» Goal of the exercise: Please give the data again in full, precisely as it is written.

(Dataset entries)
============

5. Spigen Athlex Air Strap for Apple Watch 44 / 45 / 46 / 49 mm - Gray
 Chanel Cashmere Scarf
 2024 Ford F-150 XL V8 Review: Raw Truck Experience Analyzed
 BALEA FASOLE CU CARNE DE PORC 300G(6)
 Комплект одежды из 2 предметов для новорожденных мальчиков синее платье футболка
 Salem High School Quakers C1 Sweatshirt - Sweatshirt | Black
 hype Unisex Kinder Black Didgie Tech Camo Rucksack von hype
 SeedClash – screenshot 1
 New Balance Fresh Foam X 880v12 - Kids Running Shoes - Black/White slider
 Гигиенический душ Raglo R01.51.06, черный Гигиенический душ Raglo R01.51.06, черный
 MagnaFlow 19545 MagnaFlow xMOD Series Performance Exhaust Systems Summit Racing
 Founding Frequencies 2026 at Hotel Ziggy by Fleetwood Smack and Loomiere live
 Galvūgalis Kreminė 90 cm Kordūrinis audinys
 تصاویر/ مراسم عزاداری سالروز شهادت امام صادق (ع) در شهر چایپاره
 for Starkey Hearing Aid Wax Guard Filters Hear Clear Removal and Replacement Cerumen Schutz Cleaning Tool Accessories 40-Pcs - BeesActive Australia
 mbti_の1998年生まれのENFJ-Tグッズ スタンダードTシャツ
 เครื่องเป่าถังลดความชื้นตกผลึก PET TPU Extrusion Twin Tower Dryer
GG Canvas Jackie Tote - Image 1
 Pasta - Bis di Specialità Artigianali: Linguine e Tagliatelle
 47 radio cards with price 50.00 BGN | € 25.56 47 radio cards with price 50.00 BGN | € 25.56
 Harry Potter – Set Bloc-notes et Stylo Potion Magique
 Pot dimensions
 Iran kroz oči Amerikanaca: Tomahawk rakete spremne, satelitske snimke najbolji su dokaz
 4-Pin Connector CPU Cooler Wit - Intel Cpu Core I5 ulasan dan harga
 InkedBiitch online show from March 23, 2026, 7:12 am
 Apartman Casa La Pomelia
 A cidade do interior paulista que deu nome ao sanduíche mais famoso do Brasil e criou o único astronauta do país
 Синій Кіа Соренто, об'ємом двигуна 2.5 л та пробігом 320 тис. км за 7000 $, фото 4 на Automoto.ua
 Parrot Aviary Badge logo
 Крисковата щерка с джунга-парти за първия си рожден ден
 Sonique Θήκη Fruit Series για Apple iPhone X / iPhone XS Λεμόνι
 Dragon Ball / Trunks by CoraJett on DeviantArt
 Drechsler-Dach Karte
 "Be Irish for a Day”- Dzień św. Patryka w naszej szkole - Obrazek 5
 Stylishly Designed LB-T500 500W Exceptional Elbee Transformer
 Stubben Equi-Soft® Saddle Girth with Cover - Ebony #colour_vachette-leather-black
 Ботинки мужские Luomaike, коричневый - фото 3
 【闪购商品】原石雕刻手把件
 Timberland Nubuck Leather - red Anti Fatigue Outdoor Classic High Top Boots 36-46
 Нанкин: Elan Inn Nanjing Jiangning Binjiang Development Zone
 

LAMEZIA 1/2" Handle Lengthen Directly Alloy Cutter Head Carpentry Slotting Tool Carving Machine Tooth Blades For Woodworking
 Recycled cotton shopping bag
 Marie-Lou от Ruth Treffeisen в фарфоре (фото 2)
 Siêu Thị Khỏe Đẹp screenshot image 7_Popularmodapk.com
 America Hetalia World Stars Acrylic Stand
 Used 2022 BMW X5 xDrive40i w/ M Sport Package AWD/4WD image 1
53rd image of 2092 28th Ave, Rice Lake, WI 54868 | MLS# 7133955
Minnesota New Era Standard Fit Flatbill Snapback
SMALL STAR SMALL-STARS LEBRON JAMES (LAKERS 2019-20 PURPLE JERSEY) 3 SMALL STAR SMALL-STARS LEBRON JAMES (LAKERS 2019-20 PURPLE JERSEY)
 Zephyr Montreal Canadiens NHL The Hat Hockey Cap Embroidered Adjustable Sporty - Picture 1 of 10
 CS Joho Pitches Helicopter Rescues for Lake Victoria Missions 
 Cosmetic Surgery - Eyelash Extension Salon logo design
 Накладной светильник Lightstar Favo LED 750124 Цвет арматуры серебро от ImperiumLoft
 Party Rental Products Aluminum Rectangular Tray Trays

============

» Written reply:
5. Spigen Athlex Air Strap for Apple Watch 44 / 45 / 46 / 49 mm - Gray
 Chanel Cashmere Scarf
 2024 Ford F-150 XL V8 Review: Raw Truck Experience Analyzed
 BALEA FASOLE CU CARNE DE PORC 300G(6)
 Комплект одежды из 2 предметов для новорожденных мальчиков синее платье футболка
 Salem High School Quakers C1 Sweatshirt - Sweatshirt | Black
 hype Unisex Kinder Black Didgie Tech Camo Rucksack von hype
 SeedClash – screenshot 1
 New Balance Fresh Foam X 880v12 - Kids Running Shoes - Black/White slider
 Гигиенический душ Raglo R01.51.06, черный Гигиенический душ Raglo R01.51.06, черный
 MagnaFlow 19545 MagnaFlow xMOD Series Performance Exhaust Systems Summit Racing
 Founding Frequencies 2026 at Hotel Ziggy by Fleetwood Smack and Loomiere live
 Galvūgalis Kreminė 90 cm Kordūrinis audinys
 تصاویر/ مراسم عزاداری سالروز شهادت امام صادق (ع) در شهر چایپاره
 for Starkey Hearing Aid Wax Guard Filters Hear Clear Removal and Replacement Cerumen Schutz Cleaning Tool Accessories 40-Pcs - BeesActive Australia
 mbti_の1998年生まれのENFJ-Tグッズ スタンダードTシャツ
 เครื่องเป่าถังลดความชื้นตกผลึก PET TPU Extrusion Twin Tower Dryer
GG Canvas Jackie Tote - Image 1
 Pasta - Bis di Specialità Artigianali: Linguine e Tagliatelle
 47 radio cards with price 50.00 BGN | € 25.56 47 radio cards with price 50.00 BGN | € 25.56
 Harry Potter – Set Bloc-notes et Stylo Potion Magique
 Pot dimensions
 Iran kroz oči Amerikanaca: Tomahawk rakete spremne, satelitske snimke najbolji su dokaz
 4-Pin Connector CPU Cooler Wit - Intel Cpu Core I5 ulasan dan harga
 InkedBiitch online show from March 23, 2026, 7:12 am
 Apartman Casa La Pomelia
 A cidade do interior paulista que deu nome ao sanduíche mais famoso do Brasil e criou o único astronauta do país
 Синій Кіа Соренто, об'ємом двигуна 2.5 л та пробігом 320 тис. км за 7000 $, фото 4 на Automoto.ua
 Parrot Aviary Badge logo
 Крисковата щерка с джунга-парти за първия си рожден ден
 Sonique Θήκη Fruit Series για Apple iPhone X / iPhone XS Λεμόνι
 Dragon Ball / Trunks by CoraJett on DeviantArt
 Drechsler-Dach Karte
 "Be Irish for a Day”- Dzień św. Patryka w naszej szkole - Obrazek 5
 Stylishly Designed LB-T500 500W Exceptional Elbee Transformer
 Stubben Equi-Soft® Saddle Girth with Cover - Ebony #colour_vachette-leather-black
 Ботинки мужские Luomaike, коричневый - фото 3
 【闪购商品】原石雕刻手把件
 Timberland Nubuck Leather - red Anti Fatigue Outdoor Classic High Top Boots 36-46
 Нанкин: Elan Inn Nanjing Jiangning Binjiang Development Zone
 

LAMEZIA 1/2" Handle Lengthen Directly Alloy Cutter Head Carpentry Slotting Tool Carving Machine Tooth Blades For Woodworking
 Recycled cotton shopping bag
 Marie-Lou от Ruth Treffeisen в фарфоре (фото 2)
 Siêu Thị Khỏe Đẹp screenshot image 7_Popularmodapk.com
 America Hetalia World Stars Acrylic Stand
 Used 2022 BMW X5 xDrive40i w/ M Sport Package AWD/4WD image 1
53rd image of 2092 28th Ave, Rice Lake, WI 54868 | MLS# 7133955
Minnesota New Era Standard Fit Flatbill Snapback
SMALL STAR SMALL-STARS LEBRON JAMES (LAKERS 2019-20 PURPLE JERSEY) 3 SMALL STAR SMALL-STARS LEBRON JAMES (LAKERS 2019-20 PURPLE JERSEY)
 Zephyr Montreal Canadiens NHL The Hat Hockey Cap Embroidered Adjustable Sporty - Picture 1 of 10
 CS Joho Pitches Helicopter Rescues for Lake Victoria Missions 
 Cosmetic Surgery - Eyelash Extension Salon logo design
 Накладной светильник Lightstar Favo LED 750124 Цвет арматуры серебро от ImperiumLoft
 Party Rental Products Aluminum Rectangular Tray Trays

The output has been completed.